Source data
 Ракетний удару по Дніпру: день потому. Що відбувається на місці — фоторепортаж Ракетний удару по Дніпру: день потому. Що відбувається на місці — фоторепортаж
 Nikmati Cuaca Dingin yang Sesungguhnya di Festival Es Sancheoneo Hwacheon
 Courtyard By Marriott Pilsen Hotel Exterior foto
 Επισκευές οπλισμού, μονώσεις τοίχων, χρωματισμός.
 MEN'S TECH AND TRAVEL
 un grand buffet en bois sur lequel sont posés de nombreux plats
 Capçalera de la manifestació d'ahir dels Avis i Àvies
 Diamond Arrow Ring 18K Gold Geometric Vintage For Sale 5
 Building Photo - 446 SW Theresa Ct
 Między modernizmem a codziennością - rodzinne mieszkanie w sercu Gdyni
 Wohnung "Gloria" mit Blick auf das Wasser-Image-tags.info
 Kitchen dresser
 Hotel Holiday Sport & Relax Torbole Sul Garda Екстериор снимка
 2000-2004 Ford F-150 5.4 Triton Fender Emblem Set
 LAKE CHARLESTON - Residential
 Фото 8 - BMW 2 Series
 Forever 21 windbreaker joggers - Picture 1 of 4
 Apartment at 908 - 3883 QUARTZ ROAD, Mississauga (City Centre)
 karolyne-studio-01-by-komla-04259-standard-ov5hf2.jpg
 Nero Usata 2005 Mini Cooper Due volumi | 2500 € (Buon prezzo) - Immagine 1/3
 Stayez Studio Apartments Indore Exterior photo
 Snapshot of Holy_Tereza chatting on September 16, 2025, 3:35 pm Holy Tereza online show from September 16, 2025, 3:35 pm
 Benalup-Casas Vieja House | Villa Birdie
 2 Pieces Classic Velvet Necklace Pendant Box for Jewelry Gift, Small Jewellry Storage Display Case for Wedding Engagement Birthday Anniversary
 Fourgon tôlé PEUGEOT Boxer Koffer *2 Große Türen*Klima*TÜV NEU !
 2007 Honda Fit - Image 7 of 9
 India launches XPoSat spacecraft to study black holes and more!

* _Exercise instructions_
Above are records; repeat only the lines starting at the line with "Фото 8 - BMW 2 Series" and ending at the line with "2007 Honda Fit - Image 7 of 9", exactly as they appear, both included.

* _Task response_
 Фото 8 - BMW 2 Series
 Forever 21 windbreaker joggers - Picture 1 of 4
 Apartment at 908 - 3883 QUARTZ ROAD, Mississauga (City Centre)
 karolyne-studio-01-by-komla-04259-standard-ov5hf2.jpg
 Nero Usata 2005 Mini Cooper Due volumi | 2500 € (Buon prezzo) - Immagine 1/3
 Stayez Studio Apartments Indore Exterior photo
 Snapshot of Holy_Tereza chatting on September 16, 2025, 3:35 pm Holy Tereza online show from September 16, 2025, 3:35 pm
 Benalup-Casas Vieja House | Villa Birdie
 2 Pieces Classic Velvet Necklace Pendant Box for Jewelry Gift, Small Jewellry Storage Display Case for Wedding Engagement Birthday Anniversary
 Fourgon tôlé PEUGEOT Boxer Koffer *2 Große Türen*Klima*TÜV NEU !
 2007 Honda Fit - Image 7 of 9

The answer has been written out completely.